- Rauch Location within Minnesota Rauch Location within the United States
- Coordinates: 47°57′32″N 93°08′45″W﻿ / ﻿47.95889°N 93.14583°W
- Country: United States
- State: Minnesota
- County: Koochiching
- Elevation: 1,283 ft (391 m)
- Time zone: UTC-6 (Central (CST))
- • Summer (DST): UTC-5 (CDT)
- ZIP code: 55771
- Area code: 218
- GNIS feature ID: 654898

= Rauch, Minnesota =

Unincorporated community in Minnesota, United States

Rauch is an unincorporated community in Koochiching County, Minnesota, United States.

The community is located between Togo and Orr at the junction of County Road 75 (CR 75) and State Highway 65 (MN 65).

Rauch is located in the southeast corner of the county. The boundary line between Koochiching, Saint Louis, and Itasca counties is nearby. Rauch is located within ZIP code 55771 based in Orr.

==Geography==
Rauch is located in South Koochiching Unorganized Territory.

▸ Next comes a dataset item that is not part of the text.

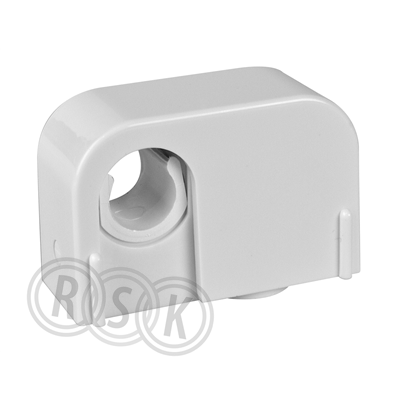 RÖRKLAMMA 12/15/16 MM C/V 20 MM B=45 MM ENKEL VIT FALUPLAST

Nearby places include Silverdale, Greaney, Celina, Togo, Nett Lake, and Orr. Rauch is located 24 miles southwest of Orr; and 14 miles north of Togo. Rauch is 28 miles northwest of Cook; and 67 miles south of International Falls.

The Little Fork River flows through the community. The Willow River, a tributary of the Little Fork River, is also in the vicinity.